Art History, Artists, Baroque, On this day..., Sculptors

On this day… died La Roldana

Luísa Roldán, better known as La Roldana was a Spanish sculptor of the Baroque period. And she was the first woman sculptor documented in Spain.

According to Antonio Palomino (Spanish artist and writer on art) her work was so good that she was considered as important as her father. But as many artists of the time, she died poor, in fact she had signed a declaration of poverty shortly before her death.

Luisa Roldán was born in Seville (city in the south of Spain). She was the fifth of the twelve children of her parents.  Her father was a sculptor, as his workshop received many orders, it was needed the help of Luisa and some of her siblings, so he taught her.

When she was only 15, she married Luis Antonio de los Arcos (he was a sculptor too) but the marriage didn’t have the consent of her family.

the first steps of jesus
The first steps of Jesus – Museo de Guadalajara, Spain

Her work includes sculptures in wood and small-scale terracotta as well as statues for the Cathedral of Cádiz. When she moved to Madrid she became court sculptor serving to kings Charles II and Phillip V. She also served the Duke of Infantado and at the end of her life she was admitted to the Accademia di San Luca (an association of artists in Rome), nonetheless she died in poverty in Madrid.

During the time she was working to Charles II, her husband and their children suffered from hunger due to the big economic crisis affected the food supply.

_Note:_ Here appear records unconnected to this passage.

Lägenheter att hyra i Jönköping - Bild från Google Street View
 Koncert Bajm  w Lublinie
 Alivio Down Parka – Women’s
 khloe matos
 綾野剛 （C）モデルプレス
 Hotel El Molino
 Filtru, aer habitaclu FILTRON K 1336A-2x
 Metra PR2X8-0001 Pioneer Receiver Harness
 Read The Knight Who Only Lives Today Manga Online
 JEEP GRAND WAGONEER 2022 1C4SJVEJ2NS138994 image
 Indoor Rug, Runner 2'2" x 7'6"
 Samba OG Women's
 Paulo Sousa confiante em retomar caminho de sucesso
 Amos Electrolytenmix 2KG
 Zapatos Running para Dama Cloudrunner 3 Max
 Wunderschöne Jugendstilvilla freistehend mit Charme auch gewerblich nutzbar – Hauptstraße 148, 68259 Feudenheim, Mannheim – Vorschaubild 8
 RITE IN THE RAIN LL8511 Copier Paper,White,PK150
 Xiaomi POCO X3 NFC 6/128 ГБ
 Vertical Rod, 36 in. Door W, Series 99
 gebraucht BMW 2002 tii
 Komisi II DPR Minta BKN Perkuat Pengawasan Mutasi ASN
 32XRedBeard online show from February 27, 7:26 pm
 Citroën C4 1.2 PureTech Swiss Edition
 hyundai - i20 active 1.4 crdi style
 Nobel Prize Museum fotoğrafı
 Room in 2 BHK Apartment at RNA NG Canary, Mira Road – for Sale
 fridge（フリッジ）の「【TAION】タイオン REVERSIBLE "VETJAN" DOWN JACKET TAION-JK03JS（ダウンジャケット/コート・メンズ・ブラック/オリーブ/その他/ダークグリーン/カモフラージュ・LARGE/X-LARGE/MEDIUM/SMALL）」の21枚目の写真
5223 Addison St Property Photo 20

They had seven children, but only two survived to adulthood.

Much of her work was religious sculptures for churches in Andalusia (south of Spain). While her terracotta sculptures were very popular among the petite bourgeoisie of Madrid.

san miguel vencendo al demonio - monasterio el escorial
Saint Michael with the devil at his feet – Monasterio de El Escorial, Spain

Some of the most important characteristics of her work are: the clearly delineated profiles; thick locks of hair; billowing draperies and the mystical faces with delicate eyes, knitting brows, rosy cheeks and slightly parted lips.The knitting brows are very common  in her terracotta works, while her works in wood are characterised by open or even arched brows.

She was a very prolific artist and her pieces were widely distributed in the centre and south of Spain.